Module 9: OLS Assumptions and Extensions

Overview

Module 9 introduces the idea that the OLS estimator is BLUE: It is the best, linear, unbiased estimator available. But this requires that some important assumptions hold. Module 9 thus lays out these assumptions as well as methods for checking for potential violations. Module 9 then lays out some common OLS extensions, including dummy and categorical independent variables and interaction terms.

Objectives

  • Explain what we mean when we say that the OLS estimator is BLUE.
  • Grasp the intuition behind the core OLS assumptions.
  • Examine and begin checking assumptions in R; explain what violations of different assumptions mean for statistical inference.
  • Incorporate and interpret dummy and categorical independent variables as well as interaction terms in linear regression.

Assignment

Assignment 4 is due by 11:59pm CST on Wednesday, 3/17. Be sure to download the Assignment 4 RMD and review it early in the week so that you can plan your time accordingly.

The Module

As you work your way through the video lectures, note that I again draw many examples from the “CASchools” dataset that is available upon installing and loading the “AER” package in R. You should feel free to follow along with these examples in R, pausing the video as necessary. To do so, start by running this code, which loads the required package and creates our main IV and DV:

# Load the data
require(AER)
data(CASchools)

# Dependent variable
CASchools$score <- (CASchools$read + CASchools$math)/2

# Independent variable
CASchools$STR <- CASchools$students/CASchools$teachers

# Our simple model
model <- lm(score ~ STR, data = CASchools)

OLS Assumptions: BLUE

First read OIS Section 8.3 on “Checking Model Assumptions Using Graphs.” Then watch the video lecture series on “OLS Assumptions.”

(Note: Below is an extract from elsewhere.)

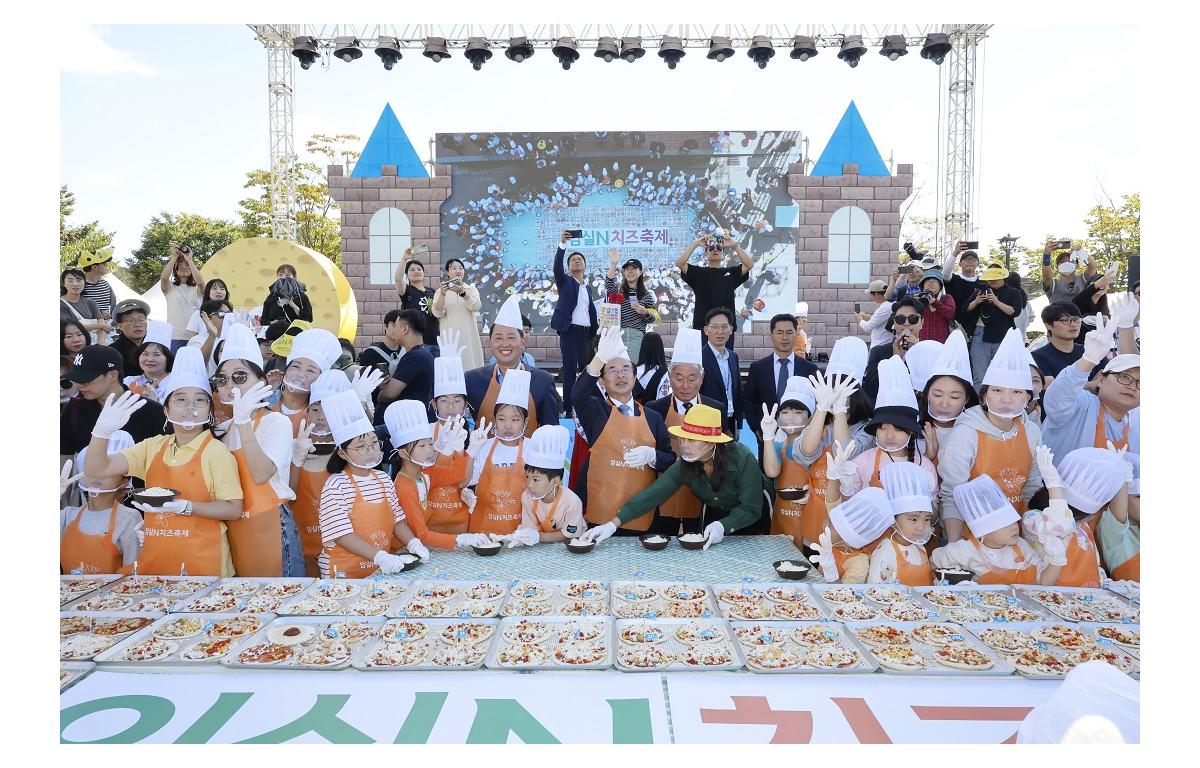 국가대표 임실N치즈 대형 쌀피자 만들기 참여 첨부이미지 : 20241004_국가대표 임실N치즈 대형 쌀피자 만들기 참여3.JPG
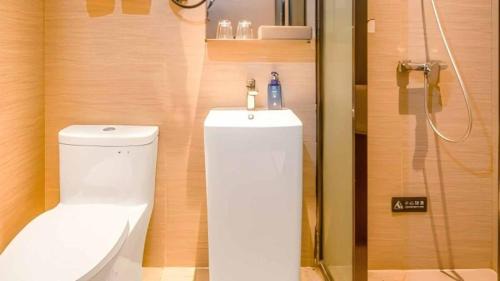 Huaqiang North Hotel | Hanting Hotel Shenzhen Huaqiang North Science Museum Subway Station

OLS Assumptions: The Core Assumptions

OLS Assumptions: Checking Assumptions

OLS Extensions

We have so far mainly included numeric variables in our regression models. These are by far the easiest to interpret. But we might also wish include other variable types in our models, including dummy and categorical variables. The main challenges here concern interpretation and procedure. In terms of interpretation, we can’t straightforwardly interpret the coefficient for a dummy independent variable as “a change in Y is linked to a change in Y.” In terms of procedure, we need to be somewhat careful in our syntax whenever we run a regression that includes a categorical independent variable.

Start by reading Kellstedt and Whitten, the Fundamentals of Political Science Research, pp. 202-212. Then watch the brief video series on “OLS Extensions.”

Extensions: Dummy independent variables

As you watch the next video, note that there is an error on my last, which I neglected to correct during recording. Specifically, when you come to the last slide, note the final bullet point: STR should equal 0. Thus, the correct interpretation should read “On average, when STR = 0, we expect schools with Hi_ELL to have test scores around 692.361 – 19.533 = 672.8.”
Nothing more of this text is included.